Business, Finance & Economics

Qantas PR problem worsens with industrial, mechanical woes


Qantas planes, with flying kangaroo tailfins, line Sydney airport — more so now that pilots and engineers are striking.


Torsten Blackwood

Qantas — as anyone who saw "Rainman" would know, the safest airline in the world — is proving a little accident prone on the PR front.

A bad week got a whole lot worse for Australia's national carrier overnight when a Sydney-bound Qantas 747 was forced to turn back to Bangkok with engine problems.

A bang was heard, and the plane began vibrating — never a good sign.

The pilot reportedly turned off one of the four engines and flew the plane, carrying 356 passengers, safely back at Bangkok airport, where passengers were treated (according to local TV stations, quoting Twitter posts) to some upscale "please, please, please fly with us again" accommodation.

Earlier in the week, the airline — symbolized by an aerodynamic-looking kangaroo on the tailfins of its planes — faced criticism for losing track of an unaccompanied boy, 11, and misplaced the paperwork involving his flight to Hobart. The News Limited has the full story (including the airline's woefully inadequate customer relations effort — under the headline: "Qantas loses boy. Sorry, here's a travel voucher." You get the idea.)

And to think that these incidents aren't the worst of the Qantas PR department's problems.

The carrier is locked in an industrial dispute with its workers and has grounded five aircraft indefinitely, while canceling scores of flights daily and warning of another 400 flight cancelations over the next month.

As the Sydney Morning Herald puts it, Qantas "is battling union disputes on three fronts, with engineers, ground staff and pilots all stepping up their campaigns for better pay and conditions."

Now in Australia, at least (the deadly 2009 commuter airplane crash near Buffalo, N.Y. in 2009 made us all sadly aware of how underpaid U.S. pilots can be, and of the tragic consequences), when a pilot complains he isn't being paid enough, even occasional fliers take notice — and probably get a little nervous.

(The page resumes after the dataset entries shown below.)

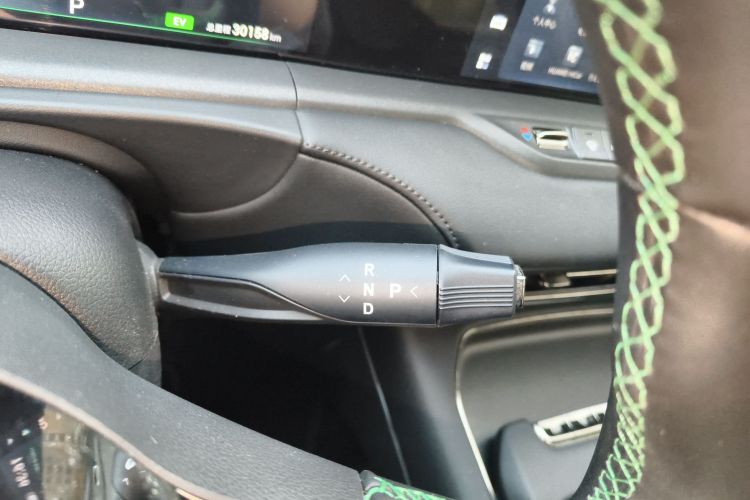 岚图汽车 岚图FREE 2025款 318 318km 后驱环游版局部细节18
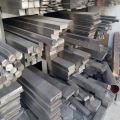 Duplex Steel UNS S31803 F51 Barras quadradas polidas trefiladas forjadas a quente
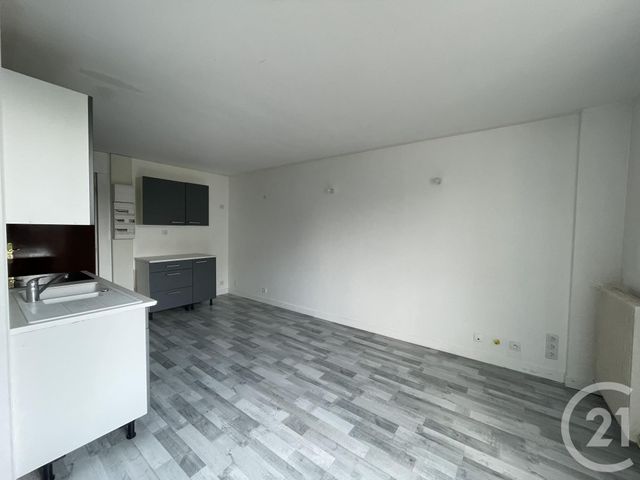 Appartement T1 &agrave; louer - 1 pi&egrave;ce - 26,45 m2 - Rochefort En Yvelines - 78 - ILE-DE-FRANCE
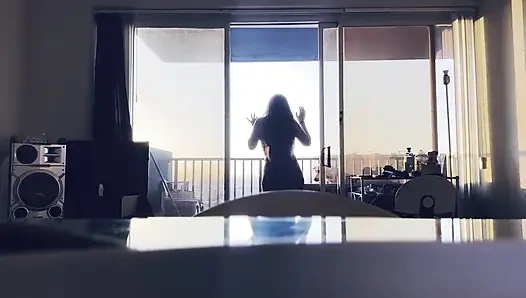 Meksikalı bir barbiie aşk şarkısını söylüyor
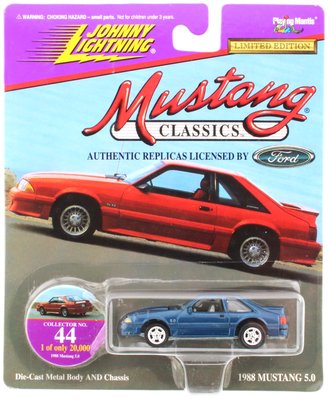 1:64 1988 Mustang 5.0 (Blue) 1:64 1988 Mustang 5.0 (Blue)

At heart, the Qantas dispute is about paying the pilots of cutprice airlines owned and operated by Qantas — Jetstar and JetConnect — the same wages and conditions as Qantas pilots.

Down Under — booked on a Jetstar flight to Sydney next week — is inclined to agree.

However, Qantas has come out swinging.

Qantas spokeswoman Olivia Wirth told reporters on Monday that the pilots' claims were unreasonable: "We are very much committed to these negotiations, however this one claim makes it very difficult for negotiations to make any headway and make any progress," she told ABC radio.

She said that if Qantas were to agree to the claim, it would drive up airfares for customers. "It would also risk jobs for all other employees at Qantas," she said.

Okay, but to be honest the only jobs we care about are the ones that keep the planes in the air.  

The grounding of the indefinite grounding of five aircraft has been blamed on a maintenance backlog, in turn blamed on striking maintenance engineers.

And so we come back to a Qantas jet that, midair, experiences apparent engine troubles.  

Enough said.

Although we're happy to give Qantas the final word — to ensure that anyone traveling in the vicinity of ... Australia in the next little while can make an informed choice. 

"About one hour after take-off, there was a bang and some vibrations were felt through the aircraft,'' a Qantas spokesman said of the Bangkok-Sydney flight, reports.

The spokeswoman reportedly added that engineers (those still working) had identified the probable cause as one of the aircraft's Rolls-Royce RB211 engines.